Segundo Boujhers, todo o período que passou com o “nome morto” – termo utilizado para se referir ao nome pelo qual uma pessoa costumava se chamar antes da transição de gênero – a colocou em situações constrangedoras. Em algumas, teve direitos negados e, em outras, foi vítima de transfobia – inclusive no mercado de trabalho.
Ela afirma que a retificação do nome não é garantia do fim de episódios de preconceito, mas que é um direito conquistado.
“Você realmente se sente uma pessoa. É a sua dignidade, em primeiro lugar”, defende.
Hoje, Catuxa Boujhers é coordenadora do DigTrans, núcleo de pessoas trans e travestis do coletivo Grupo Dignidade, que defende os direitos da população LGBTQIAP+. Por meio dele, pessoas trans podem buscar apoio jurídico e orientações na hora de fazer a retificação do nome.
Além da questão processual, o grupo orienta também sobre aspectos financeiros e digitais que envolvem a retificação.
“A gente tem muitos casos de pessoas que nos procuram falando que não é respeitado o nome [social]. Você não aguenta mais, é uma ansiedade muito grande. Eu já passei por esse processo, eu entendo a ansiedade. Eu busco conversar com elas e com eles, mostrar a minha experiência: ‘No meu, lá atrás, foi assim. Aconteceu isso. Eu entendo tudo o que você está pensando…'”, conta.
Lei também flexibilizou mudanças de sobrenomes
A lei flexibilizou também mudanças de sobrenomes, possibilitando a inclusão de sobrenomes familiares, desde que tenha comprovação do vínculo, e inclusão ou exclusão de sobrenome por conta de casamento ou divórcio.
Da mesma forma, filhos podem acrescentar sobrenomes em virtude da alteração do sobrenome dos pais.
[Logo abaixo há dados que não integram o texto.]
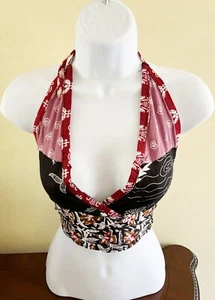 Patchwork Tie Top Beachwear Hippie Cropped Top - Picture 1 of 3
“Algumas pessoas pedem para incluir sobrenomes, especialmente de avós ou bisavós, no intuito de honrar alguma história de vida da família”, explica Bettina Amorim.
É exatamente o caso de Nicholas, além de mudar o primeiro nome, ele incluiu o sobrenome da família da mãe.
“Eu adicionei também o sobrenome Baptista, da minha mãe. Eu fui muito próximo dos meus avós maternos na infância, então, para mim, foi uma forma de homenagear eles também”, conta.
É possível mudar nome de bebês até 15 dias após registro
A lei de 2022 passou a permitir também a mudança de nome de recém-nascido em até 15 dias após o registro, no caso de não ter havido consenso entre os pais sobre como a criança vai se chamar ou em caso de erros.
A ação possibilita, por exemplo, a correção em casos nos quais a mãe da criança está impossibilitada de comparecer ao cartório por conta do parto e o pai ou declarante registra o bebê com um nome diferente do combinado.
Para realizar a alteração do nome e do sobrenome do recém-nascido é necessário que os pais estejam em consenso, apresentem a certidão de nascimento do bebê e os documentos pessoais de cada um deles.
Se não houver consenso entre os pais, o cartório deverá encaminhar o caso ao juiz competente para a decisão.
Como mudar o nome ou sobrenome no cartório?
Para realizar fazer a mudança do nome ou do sobrenome diretamente em Cartório de Registro Civil é necessário que o interessado tenha mais que 18 anos e leve os documentos pessoais, como RG e CPF, no cartório escolhido.
Bettina Amorim destaca que o processo pode ser feito em qualquer cartório, não necessariamente no qual a pessoa foi registrada.
O processo tem um custo, tabelado por lei, e que varia de acordo com o município onde é feito.
Após a alteração, o Cartório de Registro Civil comunica a alteração aos órgãos expedidores do documento de identidade, do CPF e do passaporte, assim como ao Tribunal Superior Eleitoral (TSE).
Caso a pessoa se arrependa da mudança e queira voltar atrás, será necessário entrar com uma ação em juízo.